═════ SUPPLIED RECORDS
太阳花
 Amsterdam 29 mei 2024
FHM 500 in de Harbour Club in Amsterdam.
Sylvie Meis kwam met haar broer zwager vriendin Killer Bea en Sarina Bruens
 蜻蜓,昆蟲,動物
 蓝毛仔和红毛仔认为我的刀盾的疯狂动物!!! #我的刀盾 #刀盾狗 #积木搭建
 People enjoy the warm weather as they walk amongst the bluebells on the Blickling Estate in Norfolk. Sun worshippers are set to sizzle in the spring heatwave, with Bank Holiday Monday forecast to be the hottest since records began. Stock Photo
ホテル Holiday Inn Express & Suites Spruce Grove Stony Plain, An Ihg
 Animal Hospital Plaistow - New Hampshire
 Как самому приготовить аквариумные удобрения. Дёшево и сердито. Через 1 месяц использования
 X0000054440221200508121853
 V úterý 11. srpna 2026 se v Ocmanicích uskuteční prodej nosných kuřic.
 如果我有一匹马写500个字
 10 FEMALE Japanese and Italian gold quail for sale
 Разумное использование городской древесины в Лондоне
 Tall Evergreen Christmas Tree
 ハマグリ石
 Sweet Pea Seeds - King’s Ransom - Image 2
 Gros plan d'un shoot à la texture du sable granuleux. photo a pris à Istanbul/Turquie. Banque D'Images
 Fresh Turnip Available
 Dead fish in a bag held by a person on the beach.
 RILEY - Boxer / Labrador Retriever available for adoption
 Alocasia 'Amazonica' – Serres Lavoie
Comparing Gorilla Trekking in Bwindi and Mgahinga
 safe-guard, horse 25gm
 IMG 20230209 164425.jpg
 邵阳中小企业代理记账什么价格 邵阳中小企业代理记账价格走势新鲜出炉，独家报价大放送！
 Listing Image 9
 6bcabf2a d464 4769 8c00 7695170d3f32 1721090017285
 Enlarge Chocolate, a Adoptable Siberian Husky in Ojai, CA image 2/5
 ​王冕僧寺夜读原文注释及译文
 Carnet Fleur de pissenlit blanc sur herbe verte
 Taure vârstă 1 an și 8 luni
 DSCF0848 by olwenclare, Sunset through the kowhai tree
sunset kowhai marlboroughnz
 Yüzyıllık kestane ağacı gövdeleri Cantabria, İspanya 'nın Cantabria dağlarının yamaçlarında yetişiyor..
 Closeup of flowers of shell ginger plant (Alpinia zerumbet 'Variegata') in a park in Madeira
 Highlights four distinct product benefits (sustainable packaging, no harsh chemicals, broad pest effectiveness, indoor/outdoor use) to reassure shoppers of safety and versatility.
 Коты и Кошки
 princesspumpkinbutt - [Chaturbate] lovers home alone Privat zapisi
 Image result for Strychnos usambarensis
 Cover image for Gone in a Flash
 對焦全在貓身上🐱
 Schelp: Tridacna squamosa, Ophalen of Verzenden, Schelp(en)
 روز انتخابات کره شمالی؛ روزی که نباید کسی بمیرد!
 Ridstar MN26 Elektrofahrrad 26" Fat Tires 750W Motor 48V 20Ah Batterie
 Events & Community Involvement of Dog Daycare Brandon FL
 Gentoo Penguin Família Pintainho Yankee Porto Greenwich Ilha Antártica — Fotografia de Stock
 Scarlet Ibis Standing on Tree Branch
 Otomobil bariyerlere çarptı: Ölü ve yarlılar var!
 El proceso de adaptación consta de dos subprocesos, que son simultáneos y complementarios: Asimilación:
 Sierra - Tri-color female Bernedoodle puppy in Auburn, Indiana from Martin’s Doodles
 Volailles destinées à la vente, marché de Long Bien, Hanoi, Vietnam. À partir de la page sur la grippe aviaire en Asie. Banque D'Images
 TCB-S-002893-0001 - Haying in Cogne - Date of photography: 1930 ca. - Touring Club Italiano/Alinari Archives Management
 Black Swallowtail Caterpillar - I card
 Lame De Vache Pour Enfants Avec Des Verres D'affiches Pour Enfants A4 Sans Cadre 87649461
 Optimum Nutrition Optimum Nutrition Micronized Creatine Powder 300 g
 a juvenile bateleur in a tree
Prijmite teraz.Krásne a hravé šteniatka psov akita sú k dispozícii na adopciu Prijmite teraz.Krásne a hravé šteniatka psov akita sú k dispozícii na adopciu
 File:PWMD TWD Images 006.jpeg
══════════
TASK DESCRIPTION
The answer is the run of lines above from the line containing "روز انتخابات کره" through the line containing "Lame De Vache", copied exactly and alone.

EXERCISE SOLUTION
 روز انتخابات کره شمالی؛ روزی که نباید کسی بمیرد!
 Ridstar MN26 Elektrofahrrad 26" Fat Tires 750W Motor 48V 20Ah Batterie
 Events & Community Involvement of Dog Daycare Brandon FL
 Gentoo Penguin Família Pintainho Yankee Porto Greenwich Ilha Antártica — Fotografia de Stock
 Scarlet Ibis Standing on Tree Branch
 Otomobil bariyerlere çarptı: Ölü ve yarlılar var!
 El proceso de adaptación consta de dos subprocesos, que son simultáneos y complementarios: Asimilación:
 Sierra - Tri-color female Bernedoodle puppy in Auburn, Indiana from Martin’s Doodles
 Volailles destinées à la vente, marché de Long Bien, Hanoi, Vietnam. À partir de la page sur la grippe aviaire en Asie. Banque D'Images
 TCB-S-002893-0001 - Haying in Cogne - Date of photography: 1930 ca. - Touring Club Italiano/Alinari Archives Management
 Black Swallowtail Caterpillar - I card
 Lame De Vache Pour Enfants Avec Des Verres D'affiches Pour Enfants A4 Sans Cadre 87649461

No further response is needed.